Cornyn’s approval ratings currently stand at a dismal 36 percent among Texas Republicans. His popularity will not be helped by his praise of Representative Liz Cheney (R-Wyo.), recently telling the New York Times, “I respect her.”
One area of betrayal conservatives have overlooked so far, however, is Cornyn’s cozy relationship with Big Tech. In 2019, as conservatives were beginning to fight back against Silicon Valley censorship, he opined, “The discussion of breaking up a Google or breaking up a Facebook is not what we should be doing.” The Texas senator pressured Trump to appoint former staffer Noah Phillips to the FTC, where he denied the commission had any authority to address Big Tech censorship. In July 2020, when even moderate Republicans were waking up to Big Tech’s bias, he promoted puff pieces on Google.

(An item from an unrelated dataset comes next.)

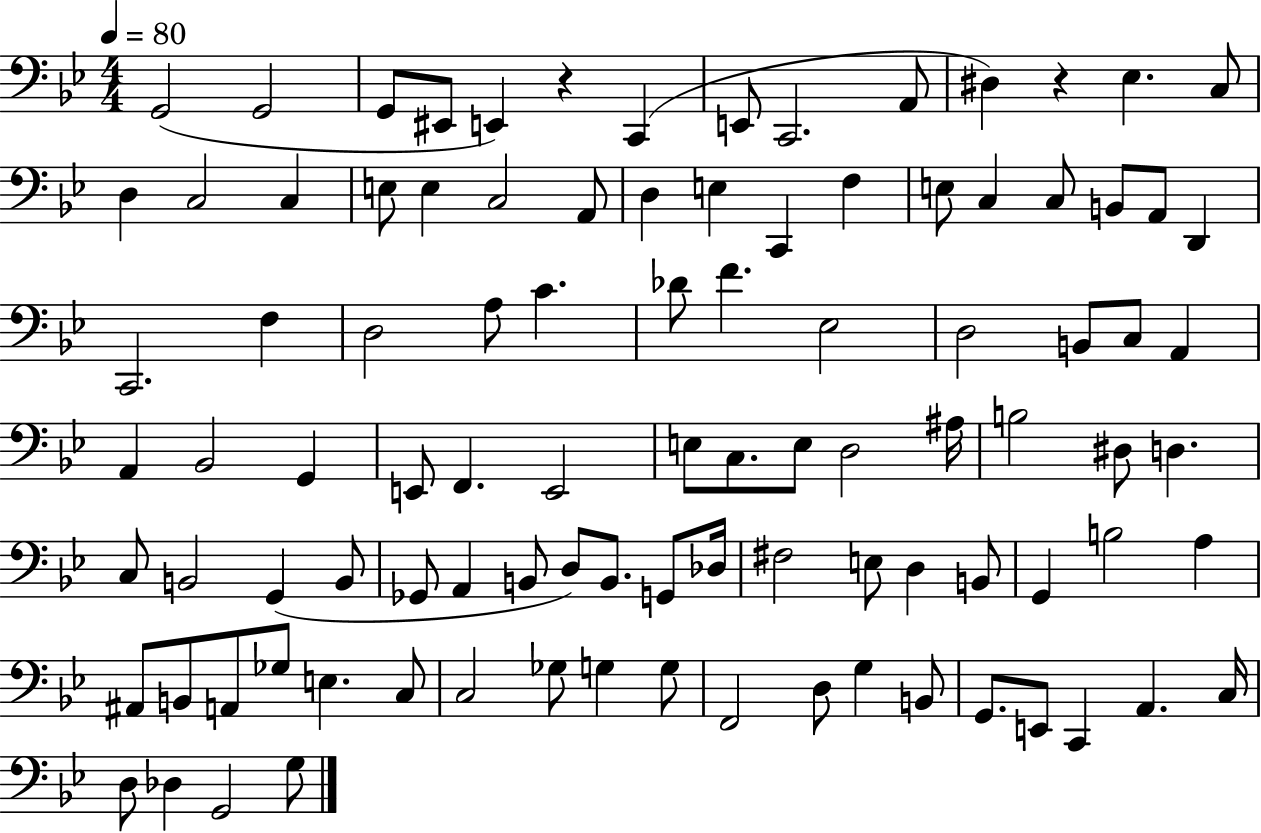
G2/h G2/h G2/e EIS2/e E2/q R/q C2/q E2/e C2/h. A2/e D#3/q R/q Eb3/q. C3/e D3/q C3/h C3/q E3/e E3/q C3/h A2/e D3/q E3/q C2/q F3/q E3/e C3/q C3/e B2/e A2/e D2/q C2/h. F3/q D3/h A3/e C4/q. Db4/e F4/q. Eb3/h D3/h B2/e C3/e A2/q A2/q Bb2/h G2/q E2/e F2/q. E2/h E3/e C3/e. E3/e D3/h A#3/s B3/h D#3/e D3/q. C3/e B2/h G2/q B2/e Gb2/e A2/q B2/e D3/e B2/e. G2/e Db3/s F#3/h E3/e D3/q B2/e G2/q B3/h A3/q A#2/e B2/e A2/e Gb3/e E3/q. C3/e C3/h Gb3/e G3/q G3/e F2/h D3/e G3/q B2/e G2/e. E2/e C2/q A2/q. C3/s D3/e Db3/q G2/h G3/e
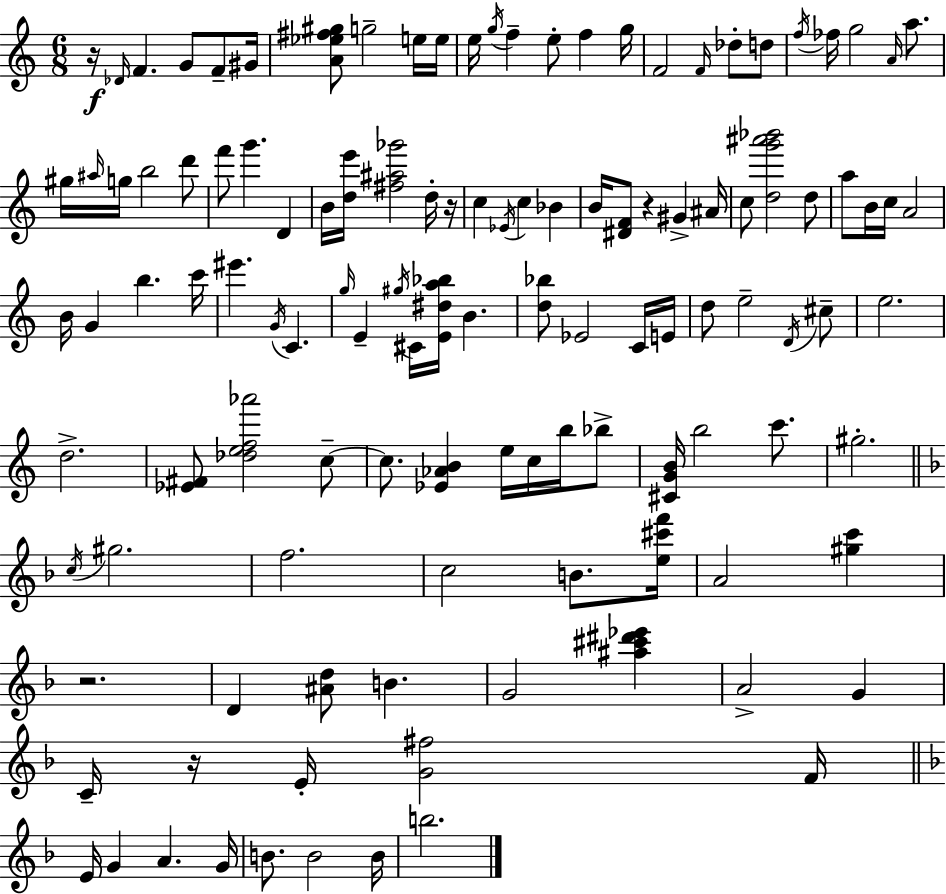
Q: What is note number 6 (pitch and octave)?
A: G5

A Bird? A Plane? No, It’s a Google Balloon Beaming the Internet https://t.co/qjV4qfgMWQ
— Senator John Cornyn (@JohnCornyn) July 8, 2020
Today, the GOP base is so overwhelmingly against Big Tech censorship that he is wisely, more or less, silent on the issue. But he has found a less discussed—weakening intellectual property enforcement—to be one of the biggest ways to help enrich Big Tech. In particular, he is joining with Senator Patrick Leahy (D-Conn.) to introduce the Patent Trial and Appeal Board Reform Act.
Big Tech platforms lobbied for the creation of the Patent Trial and Appeal Board. Why? Because both Apple’s iPhone and Google’s Android, which collectively make up over 99 percent of the smartphone market, rely on several other companies’ intellectual property, which they license. The companies frequently engage in “efficient infringement”—where the chance they will have to pay for infringing on IP is less of a financial risk to them than the cost of licensing.
Google’s top IP lawyers have admitted, “Google’s leadership doesn’t care terribly much about precedent or law” when it comes to intellectual property.
This does not mean they oppose intellectual property. As Trump Administration tech advisor and Michigan State law professor Adam Candeub notes
Big tech platforms both have huge IP portfolios, but also frequently infringe on others’ work. Their ideal situation is making the system costly and byzantine, so their lawyers can easily navigate it, but smaller companies have difficulty enforcing their patents against the Big Guys. The Patent Trial and Appeal Board serves that purpose.
The Patent Trial and Appeals Board enables “predatory infringement,” Adam Mosoff of the Hudson Institute explains, because “Big Tech has made it impossible for its victims—individual inventors, startups, and small companies—to obtain their rightful remedies.”
The Patent and Trademark Office under President Trump made reforms to ensure companies could not litigate the Patent Board while also pursuing litigation. The Cornyn-Leahy bill seeks to undo these reforms by legislation in order to make it far more difficult for smaller companies to enforce patents against the tech giants.
Ironically, Google has argued in the past that strong IP enforcement “gives rise to barriers to entry and implicates issues of competition.” Apple has filed amicus briefs arguing that strong patents violate antitrust laws.
Candeub retorted, “Google and Apple have rigged the IP system to entrench their monopoly power, and PTAB epitomizes this problem.”
Cornyn seems to care more about what Big Tech thinks than his own voters. He’s just another swamp creature who refuses to listen to the base.